=== Begin Enclosure ===
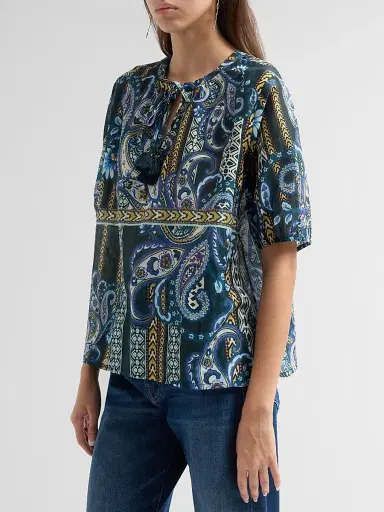 Johnny Was Women's Margot Cotton-Silk Tassel Top | Thumbnail 4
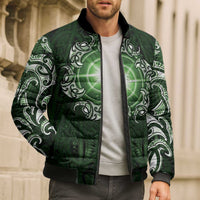 New Zealand Matariki Tupuarangi Bomber Puffer Jacket Maori Moko Green Galaxy LT05 - Polynesian Pride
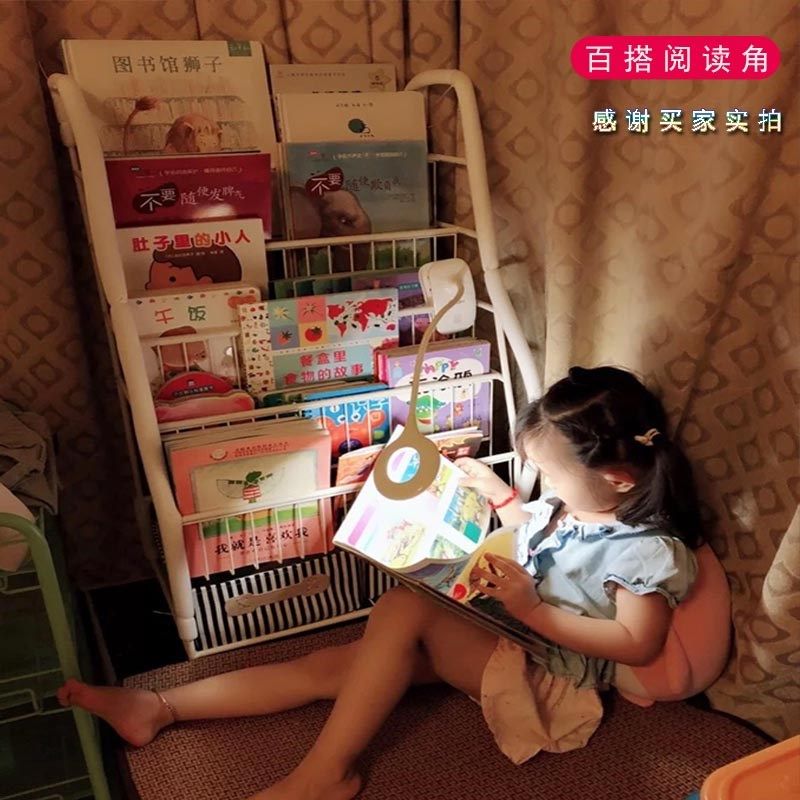 书架儿童 铁艺书架 幼儿绘本展示落地多功能置物架书香益家SX008
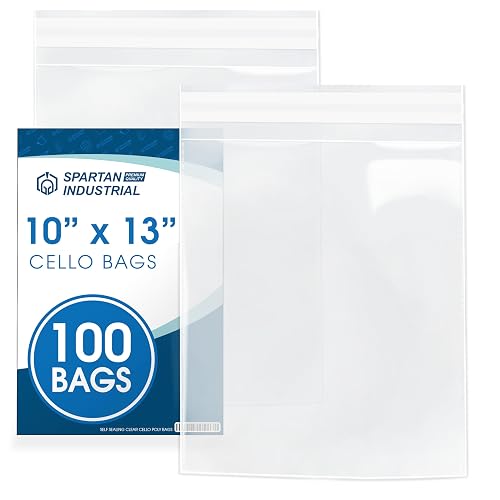 10x13 Self Sealing Cellophane Bags, 100 Count - Clear Poly for Shirts | Plastic Bags for Small Business, Reseller Supplies, Shirt Bags for Packaging, 1.5 Mil Reinforced, Peel & Seal, Food Safe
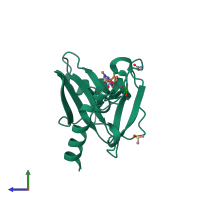PDB 5qp9 coloured by chain and viewed from the side.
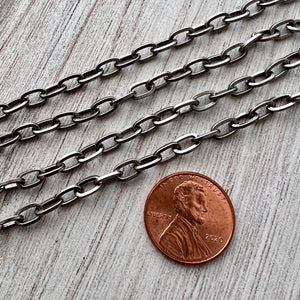 Antiqued Silver Chain, Flat Oval Link Cable Chain, Jewelry Making Supplies, PW-2044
=== End Enclosure ===
### Problem
Your copy must match the records above word for word and contain no pictures.

### Exercise response
 Johnny Was Women's Margot Cotton-Silk Tassel Top | Thumbnail 4
 New Zealand Matariki Tupuarangi Bomber Puffer Jacket Maori Moko Green Galaxy LT05 - Polynesian Pride
 书架儿童 铁艺书架 幼儿绘本展示落地多功能置物架书香益家SX008
 10x13 Self Sealing Cellophane Bags, 100 Count - Clear Poly for Shirts | Plastic Bags for Small Business, Reseller Supplies, Shirt Bags for Packaging, 1.5 Mil Reinforced, Peel & Seal, Food Safe
PDB 5qp9 coloured by chain and viewed from the side.
 Antiqued Silver Chain, Flat Oval Link Cable Chain, Jewelry Making Supplies, PW-2044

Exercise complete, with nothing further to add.